The First American Army - Bruce Chadwick [100]
The First Massachusetts’s commander, Colonel Joseph Vose, ordered the men to disperse as the cannon in front of them erupted, and managed to escape death when his horse was shot out from under him as a cannonball exploded underneath him. The men fled through the woods, regrouped, and moved to Lake Saratoga to form part of a western barrier to prevent a British escape.
Again, on October 10, the First Massachusetts chased the British as they tried to move northward. “We marched within a half mile of the enemy and camped in the woods,” wrote Wild. “There was a considerable firing on both sides.” On the following day, the First Massachusetts and other regiments tightened the noose around Burgoyne. Now Wild’s regiment had advanced to Schuyler’s Creek where they engaged in yet another firefight, this time capturing an officer and thirty-six men. On October 12, Wild wrote that there was “considerable smart cannonading the biggest part of the day on both sides, and we fortified against the enemy considerable on the hills all around us.” Then again, on the thirteenth, there were more fights. “There was considerable firing on both sides all day. We continue still here in the woods,” Wild wrote.
Burgoyne had nowhere to turn and the next day agreed to surrender, accepted a cease-fire, and spent several days negotiating terms. On October 17, Gates ordered all of his men to line the route that the British would take to walk into the American camp to lay down their arms. The morning was dark and foggy, but by noon the sun had risen and bathed the Saratoga area with warmth for a historic event; the total surrender of an entire British army.

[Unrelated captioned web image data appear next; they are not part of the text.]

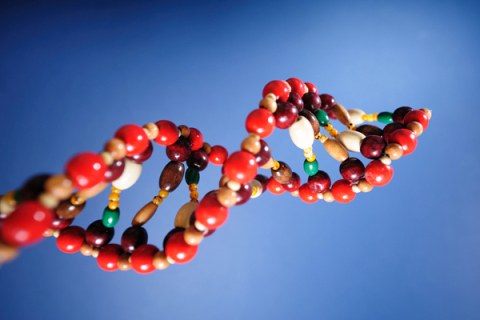 Until recently, it was widely believed that all DNA that did not code for a protein was "junk DNA". Modern genetics has not realized that these sequences -- which represent most of our genome -- have expansive functions. Science depends upon the notion that all ideas can be questioned.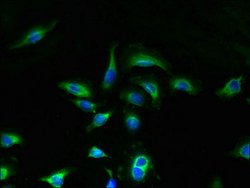 Invitrogen UNC50 Polyclonal Antibody 100 &mu;g; Unconjugated:Antibodies,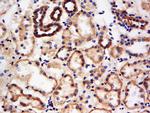 BPNT1 Antibody in Immunohistochemistry (Paraffin) (IHC (P))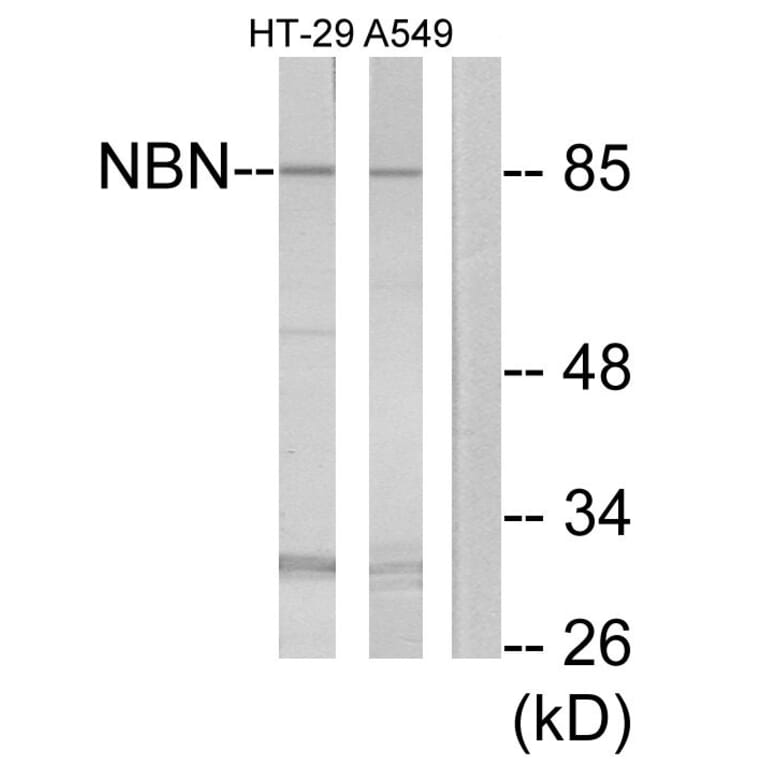 Western Blot - Anti-NBN Antibody (C13093) - Antibodies.com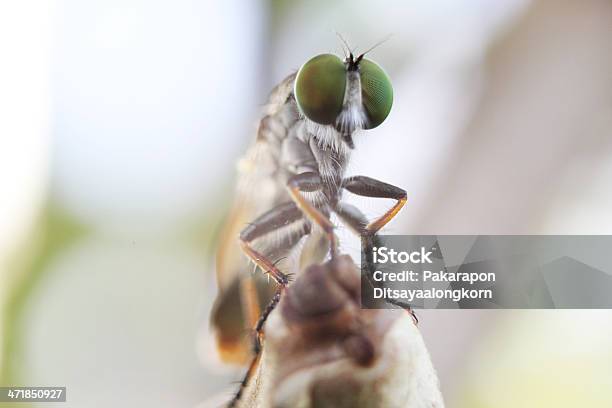 Mosca Cazadora Foto de stock y más banco de imágenes de Ala de animal - Ala de animal, Caballo - Familia del caballo, Fotografía - Imágenes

“We marched round the meeting house and came to a halt,” wrote Wild. By sheer fortune, their spot on the route gave them a front-row seat to the drama. It also offered them an unobstructed view of the size of the British army, with its six thousand men, cannon, camp followers, bands, and wagons. The parade into camp that Wild and his comrades assumed would take an hour or so dragged on all afternoon as company after company of rather grim looking Redcoats walked past their American conquerors.
Wild added, “General Burgoyne and his chief officers rode by us there, and then we marched further down the road and grounded our arms and rested there. At half after three o’clock, General Burgoyne’s army began to pass us, and they continued passing ’til sunset.”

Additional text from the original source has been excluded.